Although its opening was presumably timed to coincide with St. Patrick’s Day, at this point in its astonishing career “Riverdance” is really about as Irish as , well, Tsidii Le Loka, the erstwhile “Lion King” star who has now, a bit incongruously, joined the show for its open-ended Broadway run.
The celebration of Irish dance and culture that was famously born as an intermission spectacle at the Eurovision Song Contest is now a global goulash. That’s apt enough, since it continues a lucrative march around the world, pulling in a million a week on the road in the U.S. alone. Gotham theater critics may be as impervious to this show’s allures as it will be to their slings and arrows. They’ll reach for the smelling salts, while it keeps running, giving the Nederlanders a rare viable tenant for the cavernous Gershwin, the biggest house on Broadway.
“Riverdance’s” original raison d’etre, traditional Irish step-dancing, now vies with various other elements for supremacy, but it remains the most appealing aspect of the show. When the corps is arrayed lengthwise across the wide Gershwin stage, Rockettes-style, their torsos ramrod-stiff while their feet perform astonishing feats of agility, it’s easy to be mesmerized by the dancing’s visceral appeal. The precision alone is awe-inspiring, as two dozen dancers execute the same intricate steps to the speedy rhythms of the fiddle music.
Aside from the Irish Dance Troupe, led by the shiny, lively star couple Pat Roddy and Eileen Martin, the show also features the Moscow Folk Ballet Co., which performs a brisk and acrobatic number in the second act (the women’s fouettes are fierce), and a quartet of black tappers in the vein of Savion Glover. The latter perform a sort of comic dancing duel with Roddy and a trio of his fellow Irish dancers, to the audience’s delight.
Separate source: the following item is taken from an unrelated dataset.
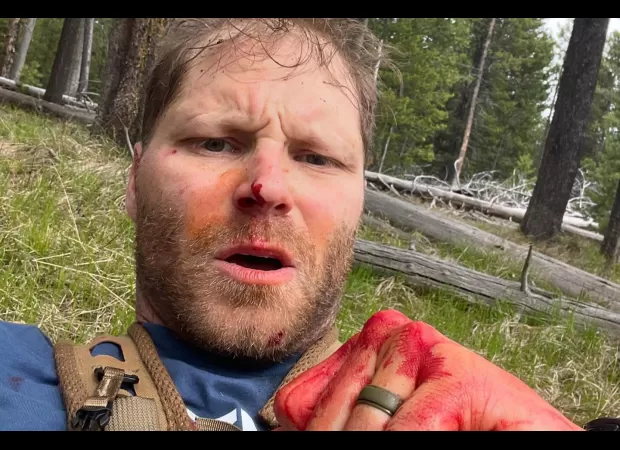 Army veteran shares terrifying story of surviving a bear attack.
Also a crowd favorite is Maria Pages, a flamenco specialist who smolders spectacularly through two numbers. The appeal of rhythmically stomping feet, “Riverdance” points out, is a cross-cultural phenomenon, interpreted with various indigenous flavors in each country.
Brian Kennedy, an Irish tenor, has a prominent role, and his high-lying voice suits composer Bill Whelan’s soaring Irish folk-pop songs, whose lyrics are not to be examined too closely (“I am living to nourish you, cherish you/I am pulsing the blood in your veins/Feel the magic and power of surrender to life…”). Le Loka and a troupe of African singers appealingly perform two high-energy numbers in the second act, but their inclusion — which can be seen as either admirable or cynical — is probably the show’s most strained grasp at multicultural appeal.
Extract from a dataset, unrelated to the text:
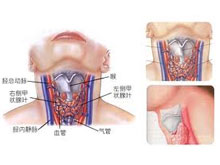 桥本甲状腺炎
One might wish for rather less of the pretentious and inane narration (does Liam Neeson know what his disembodied voice is getting up to?), not to mention the vague medieval theatrics, which uncomfortably resemble a New Age take on “Xena: Warrior Princess.” Fortunately the air is regularly cleared by the nimble physical exuberance of the various dancers, which really needs no contextualizing.
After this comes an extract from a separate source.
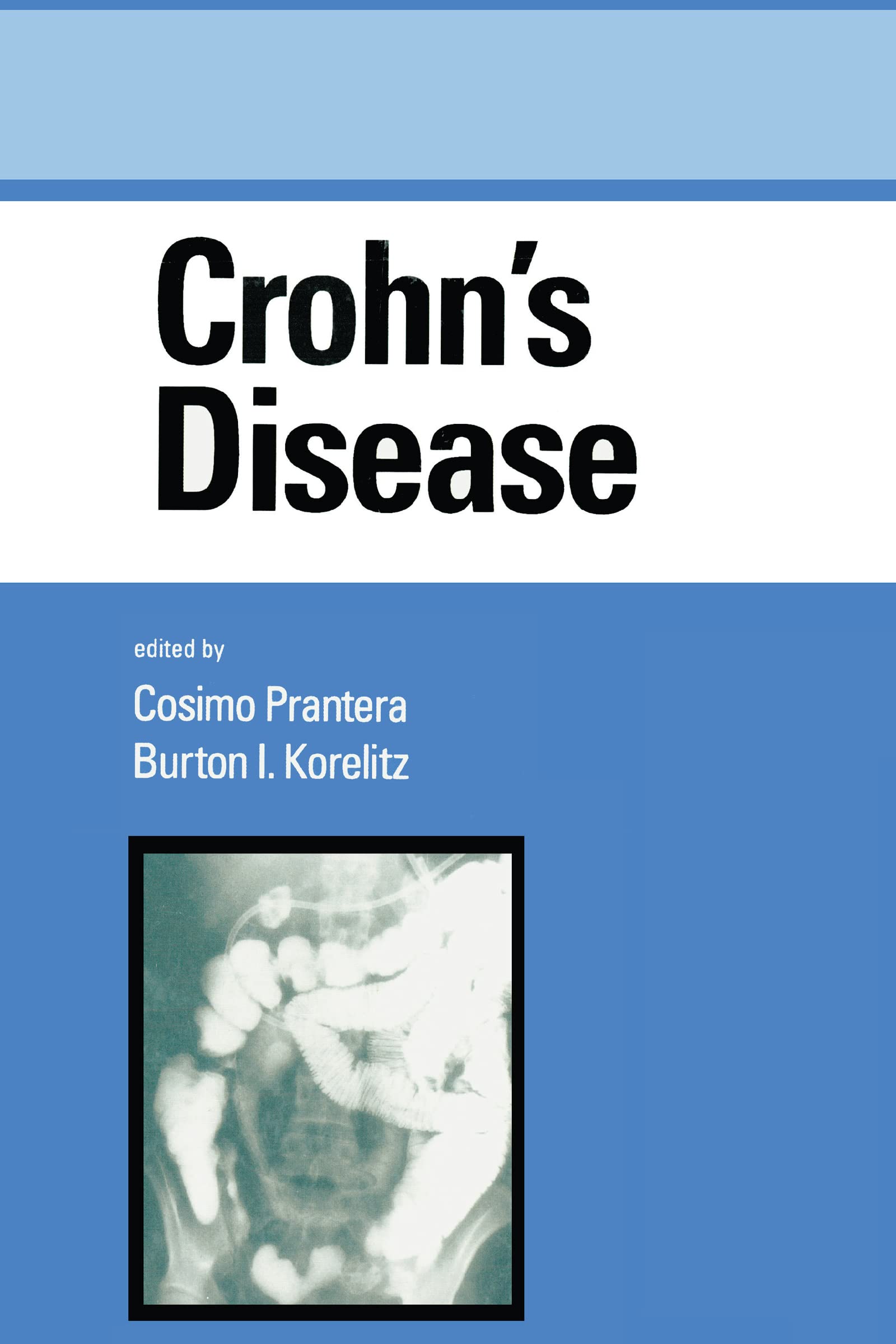 Crohn'S Disease (Gastroenterology And Hepatology),Used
The show’s technical aspects are polished, with Rupert Murray’s lighting making the most distinguished contribution. Best of Joan Bergin’s innumerable costumes were the colorful full skirts for the “Oklahoma!”-esque square dance number at the top of the second act.
Hot on the flapping heels of “Riverdance” comes the second Irish-themed entry of the Broadway season, the new revival of Eugene O’Neill’s “A Moon for the Misbegotten,” opening three days later. The juxtaposition suggests an intriguing possibility, made only more plausible by “Riverdance’s” strenuous use of sun and moon imagery. This show could use some highbrow credentials, O’Neill some audience-grabbing spectacle — how about a production of “Moon” performed entirely in stepdance? “A Moondance for the Misbegotten.”